‘Fragmentation is difficult’: Overheard at Digiday and DirecTV Advertising CTV leaders dinner
As part of its Future of TV week, which wraps today, Digiday, in partnership with sponsor DirecTV Advertising, hosted a CTV leaders dinner in New York Wednesday evening.
The deep and wide ranging conversation with over a dozen agency and platform executives — conducted under Chatham House Rules, which shields participants from sharing names and affiliation in exchange for candor — covered topics spanning from the challenge of making sense of dense fragmentation in the CTV space (according to research by DirecTV Advertising, 70% of viewers pay to subscribe to live and video-on-demand services), to whether AI has a place as a tool to streamline the more complex functions of the CTV proposition.
What follows is just a small fraction of the conversation, edited for brevity and clarity, and, again, conducted anonymously.
On fragmentation
“It’s really confusing for marketers, and frankly, how you make sense of the various different propositions that everyone has to offer. You couple that with FAST channels being onboarded. And now you’re in a place where how do you define premium. Fragmentation is difficult for all of us.”
“There’s really a lot of transparency issues between the different devices and platforms. And that’s what we’re hoping to eventually break down. But yes, a lot fragmentation.”
“We used to buy the same way consumers watch and it was easy. But now consumers have a whole different landscape than the buying landscape these days and you have to navigate both. And that’s a complexity that we have to think as programmatic continues to grow. How you buy vs. what you’re consuming adds to that layer of fragmentation, because it’s just not synced up the way it used to.”
“Where fragmentation really comes to me is literally like, ‘How are you going to buy? How are you making sure that you’re buying across all devices and publishers that you really need to reach your audience effectively.'”
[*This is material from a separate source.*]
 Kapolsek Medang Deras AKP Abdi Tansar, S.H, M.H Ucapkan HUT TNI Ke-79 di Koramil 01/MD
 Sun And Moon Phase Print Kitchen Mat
“I feel like it’s probably going to be easier to buy linear, addressable and linear. And, for a while, a lot harder for CTV because of the fragmentation, identity becomes a really big important part of that.”
On reach
“So it becomes a really interesting planning question in terms of overall budget in terms of like, yes, audiences are shifting here. But can you really reach them? Where do you spend your first dollar? How much do you do there? Where do you go next? Planning has become my thing. So complicated.”
“How do you equate an ad in one program versus another in linear? We’re used to already valuing those differently, because Prime was more valuable than overnight. And then you looked at different costs on an efficiency basis, and that would range but it’s really what’s effective reach? Is it the same? Is there anything you could do to tip the scale?”
“We’re used to just kind of checking the box because it was all equal and you could do a comparison pretty easily. Now there’s a lot of ways to reach them [audiences]. So what is effective reach? Can we just check the box that person has been reached vs. did we make an impact and an effect?”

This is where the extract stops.